8

Numpy's string functions are all very slow and are less performant than pure python lists. I am looking to optimize all the normal string functions using Cython.

For instance, let's take a numpy array of 100,000 unicode strings with data type either unicode or object and lowecase each one.

alist = ['JsDated', 'УКРАЇНА'] * 50000
arr_unicode = np.array(alist)
arr_object = np.array(alist, dtype='object')

%timeit np.char.lower(arr_unicode)
51.6 ms ± 1.99 ms per loop (mean ± std. dev. of 7 runs, 10 loops each)

Using a list comprehension is just as fast

%timeit [a.lower() for a in arr_unicode]
44.7 ms ± 2.69 ms per loop (mean ± std. dev. of 7 runs, 10 loops each)

For the object data type, we cannot use np.char.

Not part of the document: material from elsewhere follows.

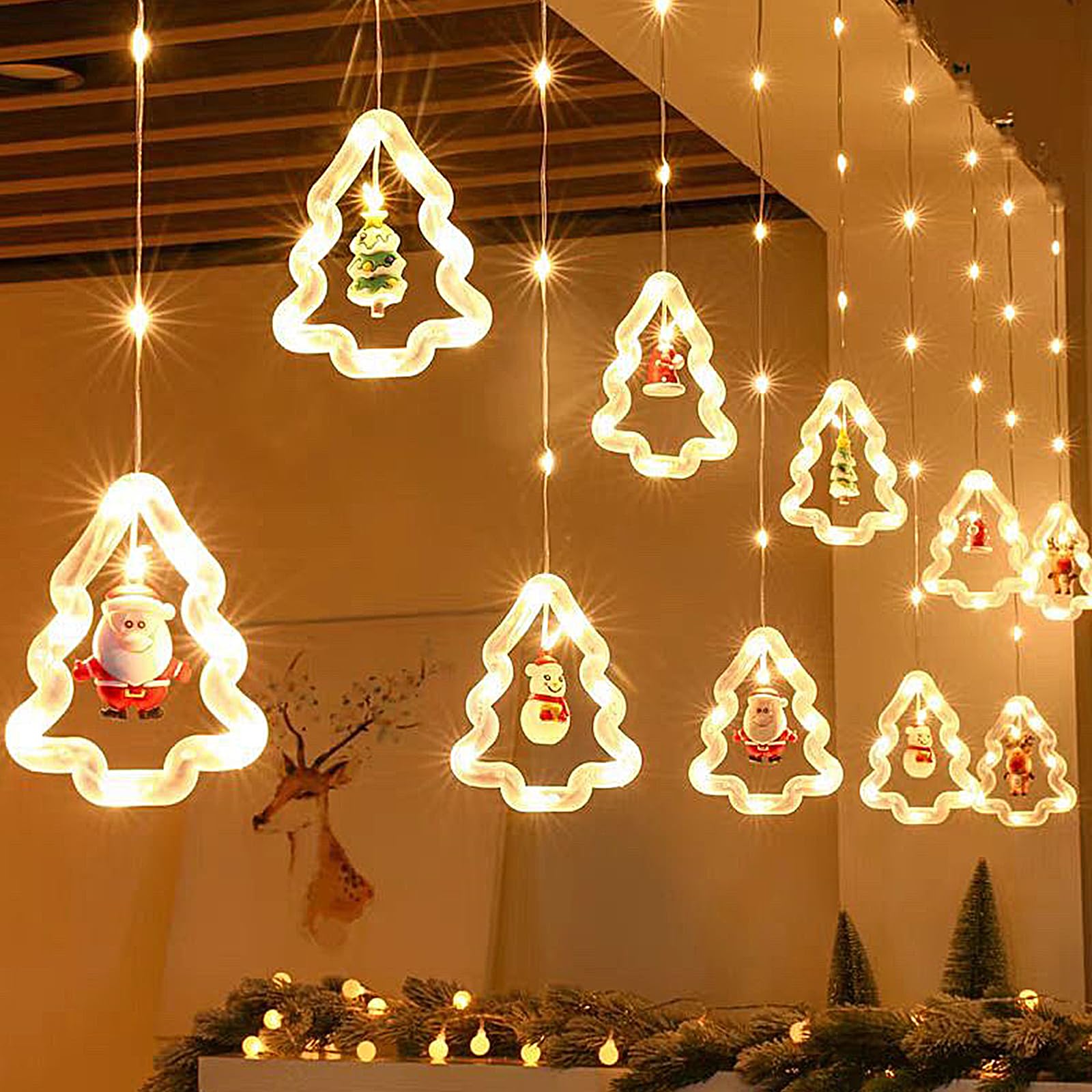 Funmo Guirnaldas Cortina Luces con 10pcs Adornos Navideños,Guirnaldas Luces Cortina, LED Colgante,3m Control Remoto 8 Modos,Ventana, Escaparate, Boda, Fiesta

The list comprehension is 3x as fast.

%timeit [a.lower() for a in arr_object]
16.1 ms ± 147 µs per loop (mean ± std. dev. of 7 runs, 100 loops each)

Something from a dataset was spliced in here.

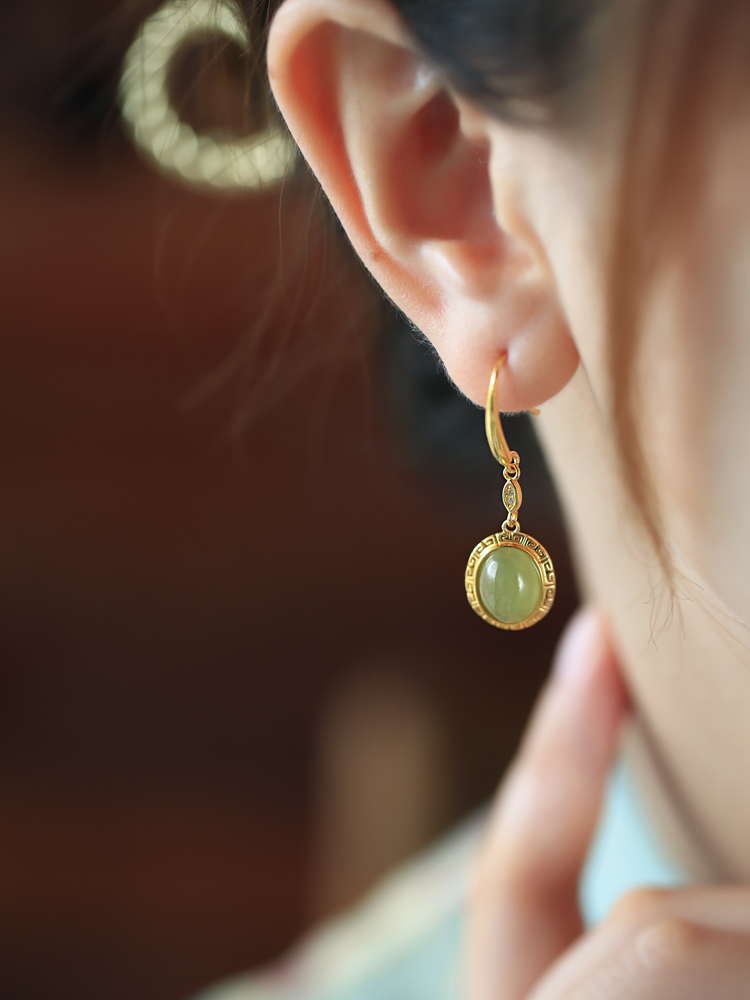 Green Jade Earrings for Women - 18K Gold-Plated Silver with Chinese Style Design, Elegant Jade Stone Jewelry Green Jade Earrings for Women - 18K Gold-Plated Silver with Chinese Style Design, Elegant Jade Stone Jewelry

The only way I know how to do this in Cython is to create an empty object array and call the Python string method lower on each iteration.

import numpy as np
cimport numpy as np
from numpy cimport ndarray

def lower(ndarray[object] arr):
    cdef int i
    cdef int n = len(arr)
    cdef ndarray[object] result = np.empty(n, dtype='object')
    for i in range(n):
        result[i] = arr[i].lower()
    return result

This yields a modest improvement

%timeit lower(arr_object)
11.3 ms ± 383 µs per loop (mean ± std. dev. of 7 runs, 100 loops each)

I have tried accessing the memory directly with the data ndarray attribute like this:

def lower_fast(ndarray[object] arr):
    cdef int n = len(arr)
    cdef int i
    cdef char* data = arr.data
    cdef int itemsize = arr.itemsize
    for i in range(n):
        # no idea here

I believe data is one contiguous piece of memory holding all the raw bytes one after the other. Accessing these bytes is extremely fast and it seems converting these raw bytes would increase performance by 2 orders of magnitude. I found a tolower c++ function that might work, but I don't know how to hook it in with Cython.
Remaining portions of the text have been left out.